Well, at least she was when first unveiled on American shores in 1886. Today, with multiple states implementing their own anti-illegal immigration laws, that “gold door” to the U.S. is rapidly closing. The constitutionality of these laws, which require businesses to confirm the legal status of employees, was just approved by the U.S. Supreme Court; this could potentially encourage employee discrimination.

In a 5-3 ruling, the Court upheld an Arizona law that fines businesses that repeatedly hire illegal aliens as workers. The law requires state businesses to use the federal E-Verify system to check every employee’s immigration status.

The ruling also allows other states to take a stance with immigration, and implement similar laws. But these laws charge businesses that hire illegal workers, and even give the state power to shut down the businesses for repeat offenses. The ruling creates the possibility of discrimination in employee hiring.

Employers, who do not want to deal with the E-Verify system and chance getting fined, may choose to simply stop interviewing people with foreign or Hispanic sounding names. This is especially probable in states with high illegal immigration. While this law seems like a victory because it cuts down illegal immigrants' job opportunities, it poses a significant problem for some Americans and legal immigrants who could be judged solely on name.
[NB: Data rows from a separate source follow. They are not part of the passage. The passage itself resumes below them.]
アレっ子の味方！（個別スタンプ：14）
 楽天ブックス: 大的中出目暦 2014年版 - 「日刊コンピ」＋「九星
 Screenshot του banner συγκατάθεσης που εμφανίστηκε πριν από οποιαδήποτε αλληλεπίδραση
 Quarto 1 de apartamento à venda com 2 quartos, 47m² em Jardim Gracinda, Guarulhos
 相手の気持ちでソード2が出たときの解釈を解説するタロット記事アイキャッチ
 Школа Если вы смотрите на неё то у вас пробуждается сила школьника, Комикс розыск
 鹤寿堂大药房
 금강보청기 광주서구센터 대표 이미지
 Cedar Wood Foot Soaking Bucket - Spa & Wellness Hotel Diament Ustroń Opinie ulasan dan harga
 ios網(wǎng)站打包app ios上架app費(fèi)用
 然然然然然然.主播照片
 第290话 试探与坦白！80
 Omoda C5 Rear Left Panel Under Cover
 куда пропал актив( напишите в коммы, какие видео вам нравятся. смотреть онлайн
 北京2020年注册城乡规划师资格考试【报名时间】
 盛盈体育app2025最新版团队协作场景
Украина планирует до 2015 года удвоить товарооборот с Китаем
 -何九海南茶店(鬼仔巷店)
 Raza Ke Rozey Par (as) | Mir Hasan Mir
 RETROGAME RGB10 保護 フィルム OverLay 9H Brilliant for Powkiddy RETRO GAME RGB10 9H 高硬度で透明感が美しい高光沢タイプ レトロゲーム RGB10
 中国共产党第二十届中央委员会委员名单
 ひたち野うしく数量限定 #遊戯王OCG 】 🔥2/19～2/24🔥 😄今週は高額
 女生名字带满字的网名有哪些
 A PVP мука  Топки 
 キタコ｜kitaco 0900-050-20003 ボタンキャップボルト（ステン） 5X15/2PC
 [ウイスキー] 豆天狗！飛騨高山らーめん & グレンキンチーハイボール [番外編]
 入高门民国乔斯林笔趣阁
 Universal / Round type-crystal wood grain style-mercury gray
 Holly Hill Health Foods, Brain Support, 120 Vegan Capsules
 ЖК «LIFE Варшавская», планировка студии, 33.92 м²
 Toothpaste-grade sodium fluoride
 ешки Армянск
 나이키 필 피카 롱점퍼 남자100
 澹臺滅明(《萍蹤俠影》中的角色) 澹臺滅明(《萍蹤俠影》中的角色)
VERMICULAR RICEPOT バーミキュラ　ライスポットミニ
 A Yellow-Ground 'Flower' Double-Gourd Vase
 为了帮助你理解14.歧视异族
The immigration battle should not be fought within the businesses that employ illegal aliens; it should be fought on the border with stricter controls. Arizona’s immigration laws will not stop illegal immigrants from flooding the job markets. If anything, these illegal immigrants will become scavenger workers and will only stay at jobs for shorter time periods to avoid authorities. Or, instead of moving in to Arizona, illegal workers could shift their prospects to neighboring states such as New Mexico and Nevada.

Perhaps that is what the lawmakers and citizens of Arizona want: Simply shift the problem from their backyard to their neighbor’s. Either way, the message is clear.

Most Americans no longer live by the creed of “give me your tired, your poor, your huddled masses.” Mass immigration is shifting the views of most Americans, and the “gold door” of liberty, the American border, is slamming shut.